Task description: Write out again the lines from the line with "Medaglia devozionale d'epoca" up to and including the line with "Jersey City, New", exactly as they stand below, and skip any picture.

Data extracts:
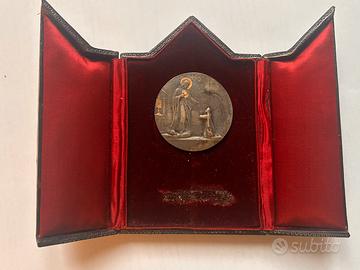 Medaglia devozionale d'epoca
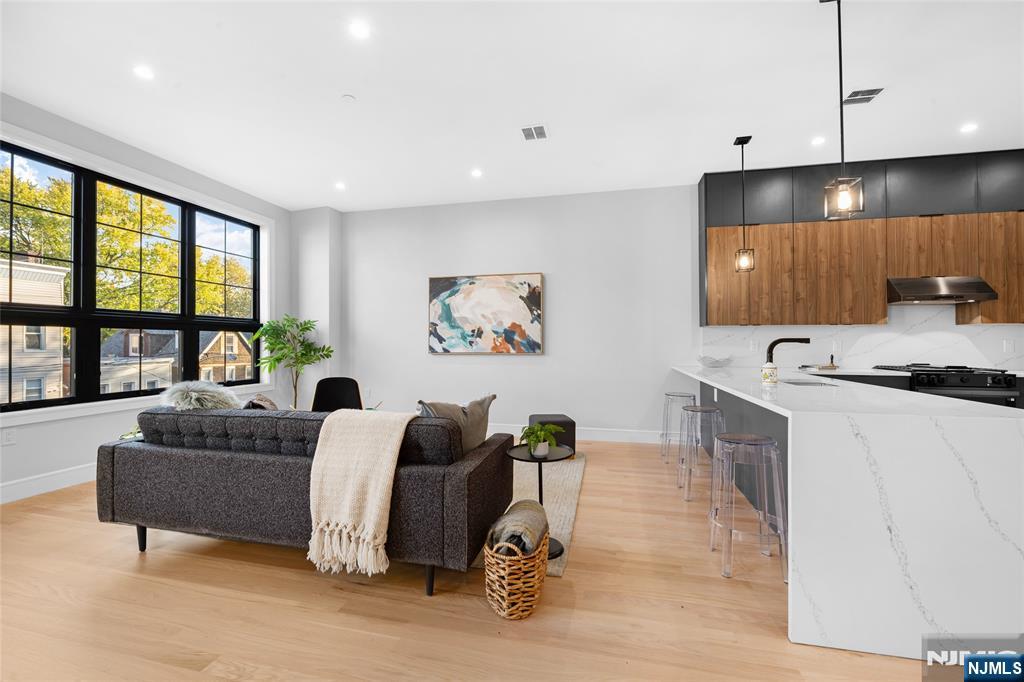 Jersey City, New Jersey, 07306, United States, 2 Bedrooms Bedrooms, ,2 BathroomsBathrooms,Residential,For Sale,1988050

---

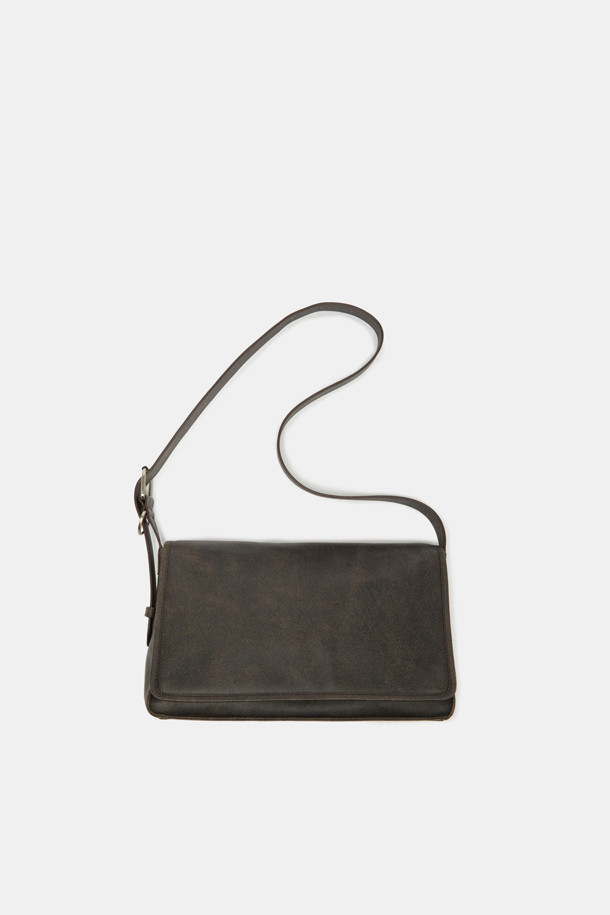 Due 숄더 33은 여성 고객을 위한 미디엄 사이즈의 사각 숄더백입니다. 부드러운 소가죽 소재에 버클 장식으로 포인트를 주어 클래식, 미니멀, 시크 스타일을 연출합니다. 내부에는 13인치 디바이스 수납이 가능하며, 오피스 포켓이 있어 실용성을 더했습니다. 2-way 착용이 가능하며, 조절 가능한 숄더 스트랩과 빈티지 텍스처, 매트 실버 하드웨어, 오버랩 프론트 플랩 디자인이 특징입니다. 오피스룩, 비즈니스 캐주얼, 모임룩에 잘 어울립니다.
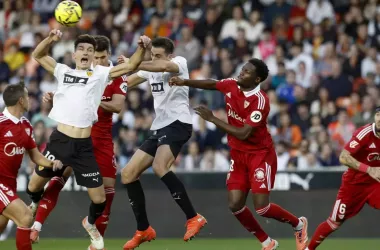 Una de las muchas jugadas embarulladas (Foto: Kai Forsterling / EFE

==

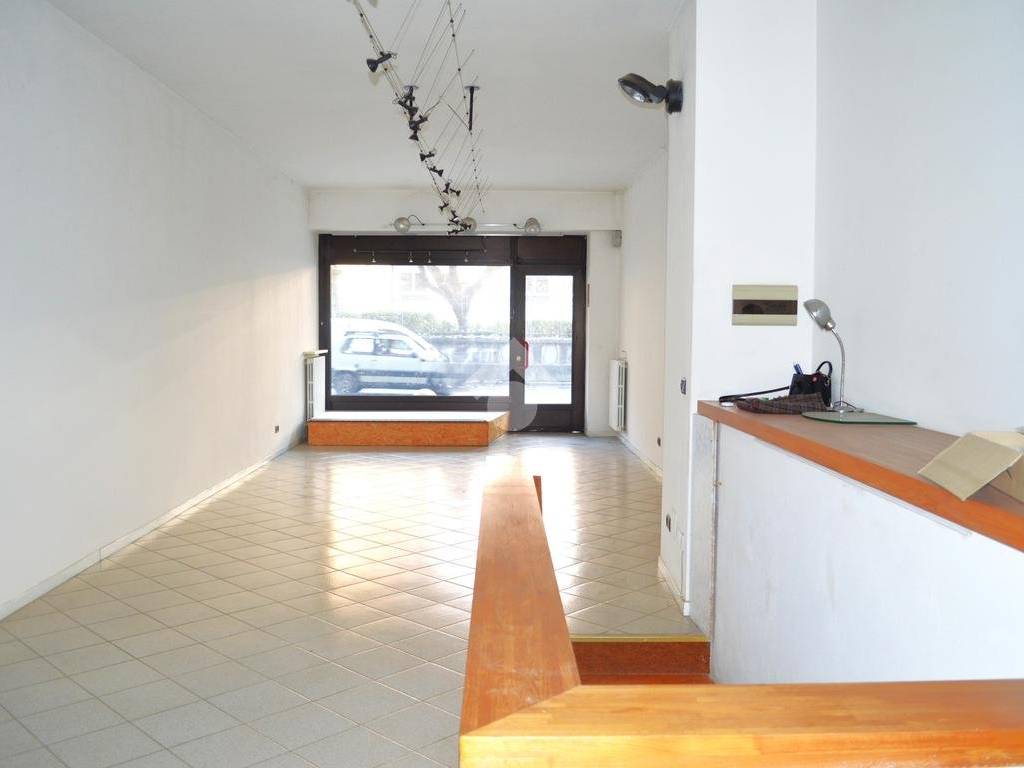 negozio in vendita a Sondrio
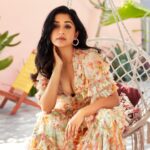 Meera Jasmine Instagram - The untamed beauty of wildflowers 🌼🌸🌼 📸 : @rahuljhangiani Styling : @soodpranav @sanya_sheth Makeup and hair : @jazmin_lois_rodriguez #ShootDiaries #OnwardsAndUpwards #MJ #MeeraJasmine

Answer area:
 Medaglia devozionale d'epoca
 Jersey City, New Jersey, 07306, United States, 2 Bedrooms Bedrooms, ,2 BathroomsBathrooms,Residential,For Sale,1988050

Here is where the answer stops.